### The records
────────

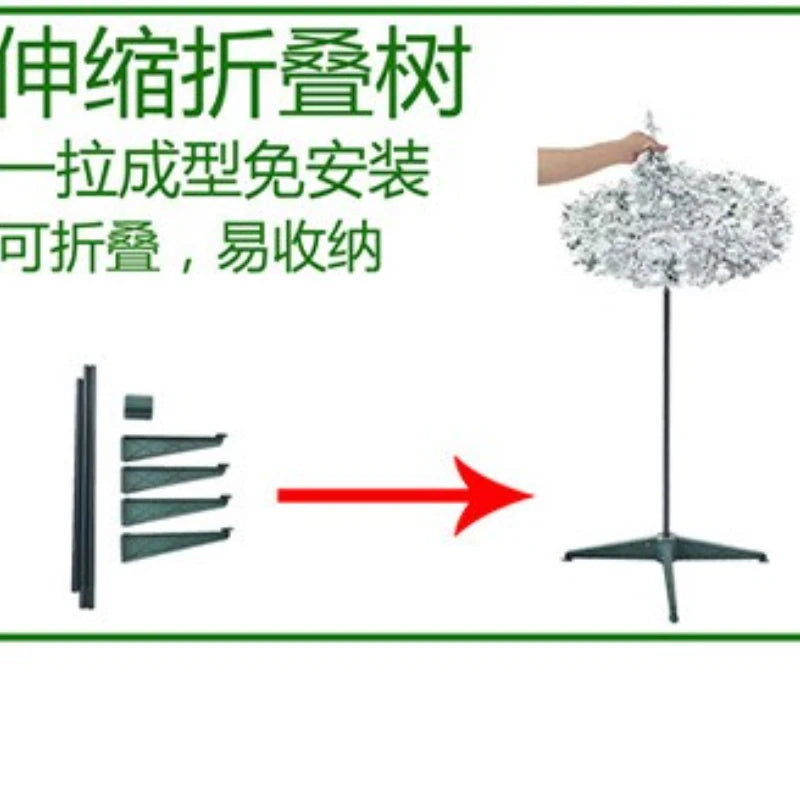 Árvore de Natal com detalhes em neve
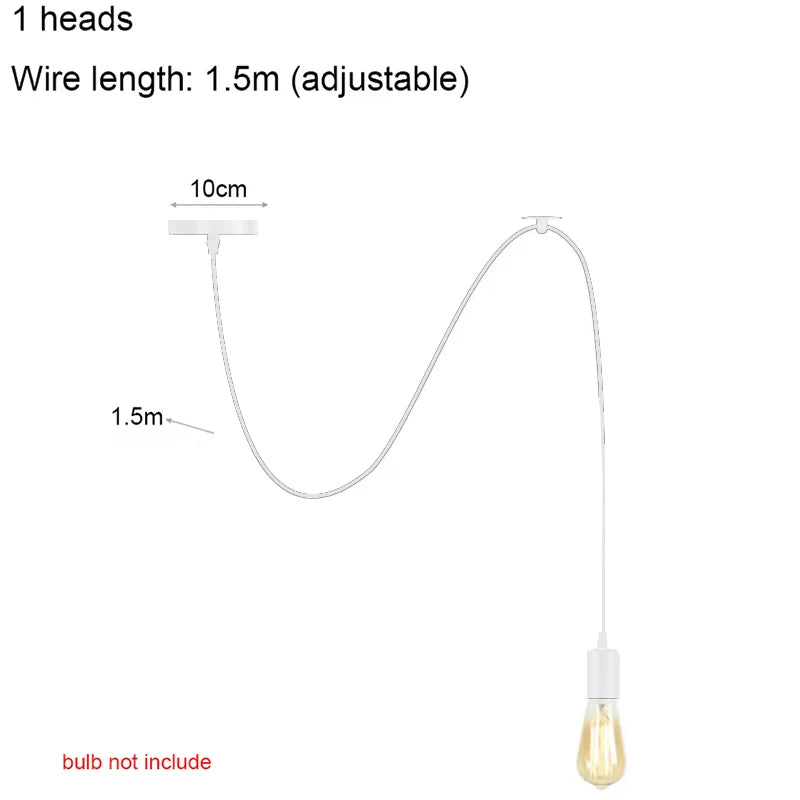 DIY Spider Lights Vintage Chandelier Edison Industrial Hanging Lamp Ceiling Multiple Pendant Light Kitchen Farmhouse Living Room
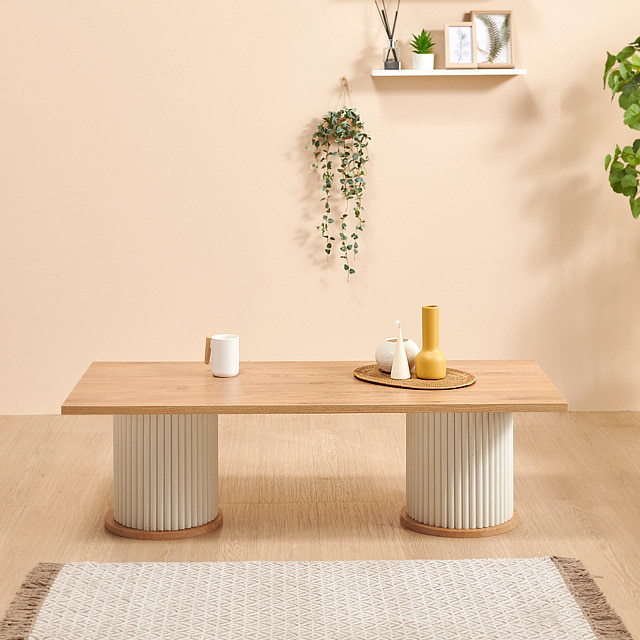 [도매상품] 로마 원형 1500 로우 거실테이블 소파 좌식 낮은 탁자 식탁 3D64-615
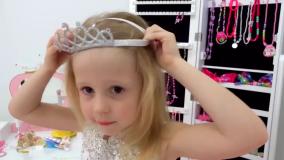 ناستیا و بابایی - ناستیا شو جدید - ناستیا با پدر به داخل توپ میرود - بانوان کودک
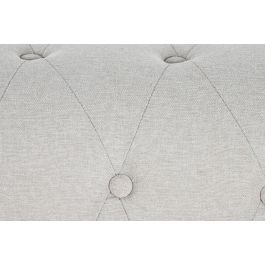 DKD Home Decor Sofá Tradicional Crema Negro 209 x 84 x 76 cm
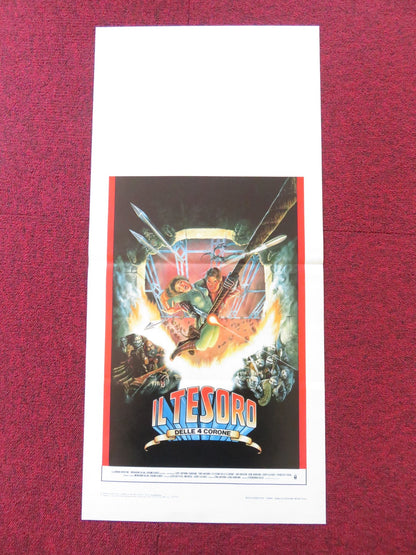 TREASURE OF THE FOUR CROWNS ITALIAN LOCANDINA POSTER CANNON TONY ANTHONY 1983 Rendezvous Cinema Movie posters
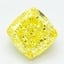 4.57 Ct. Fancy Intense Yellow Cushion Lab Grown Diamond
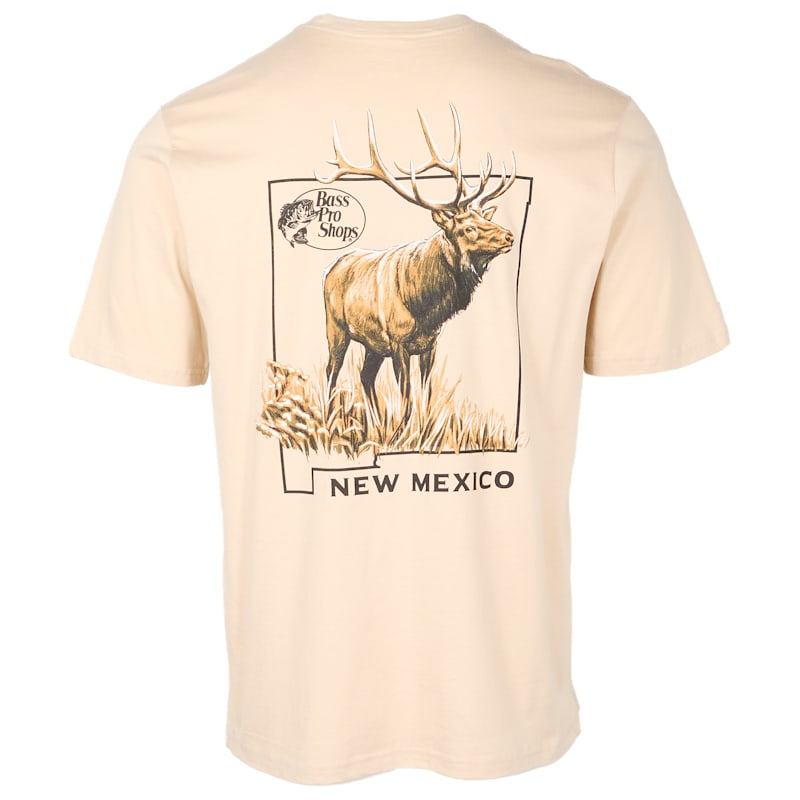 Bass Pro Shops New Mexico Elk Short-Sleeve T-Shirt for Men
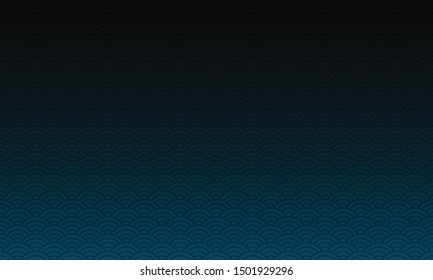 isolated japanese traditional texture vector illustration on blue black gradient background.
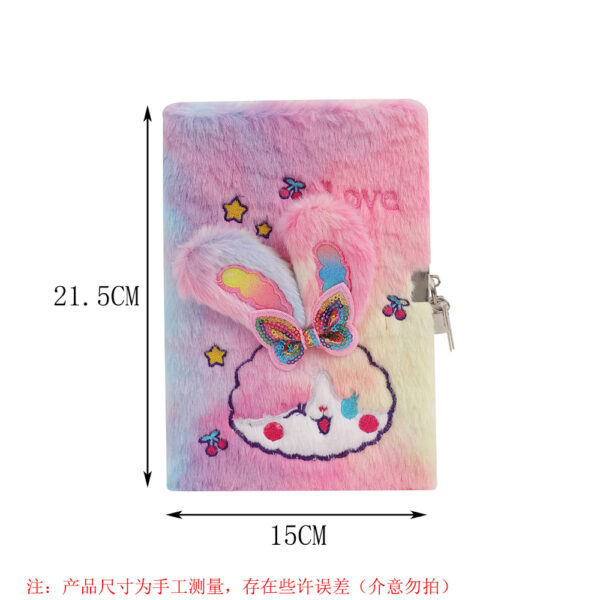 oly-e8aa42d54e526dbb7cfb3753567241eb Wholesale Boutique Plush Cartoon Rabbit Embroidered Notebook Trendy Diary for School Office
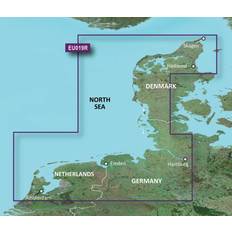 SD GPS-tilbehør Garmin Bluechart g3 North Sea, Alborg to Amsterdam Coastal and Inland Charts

────────

### Exercise directions
A verbatim transcription of the listing is expected, with no pictures included.

### Solution
 Árvore de Natal com detalhes em neve
 DIY Spider Lights Vintage Chandelier Edison Industrial Hanging Lamp Ceiling Multiple Pendant Light Kitchen Farmhouse Living Room
 [도매상품] 로마 원형 1500 로우 거실테이블 소파 좌식 낮은 탁자 식탁 3D64-615
 ناستیا و بابایی - ناستیا شو جدید - ناستیا با پدر به داخل توپ میرود - بانوان کودک
 DKD Home Decor Sofá Tradicional Crema Negro 209 x 84 x 76 cm
 TREASURE OF THE FOUR CROWNS ITALIAN LOCANDINA POSTER CANNON TONY ANTHONY 1983 Rendezvous Cinema Movie posters
 4.57 Ct. Fancy Intense Yellow Cushion Lab Grown Diamond
 Bass Pro Shops New Mexico Elk Short-Sleeve T-Shirt for Men
 isolated japanese traditional texture vector illustration on blue black gradient background.
 oly-e8aa42d54e526dbb7cfb3753567241eb Wholesale Boutique Plush Cartoon Rabbit Embroidered Notebook Trendy Diary for School Office
 SD GPS-tilbehør Garmin Bluechart g3 North Sea, Alborg to Amsterdam Coastal and Inland Charts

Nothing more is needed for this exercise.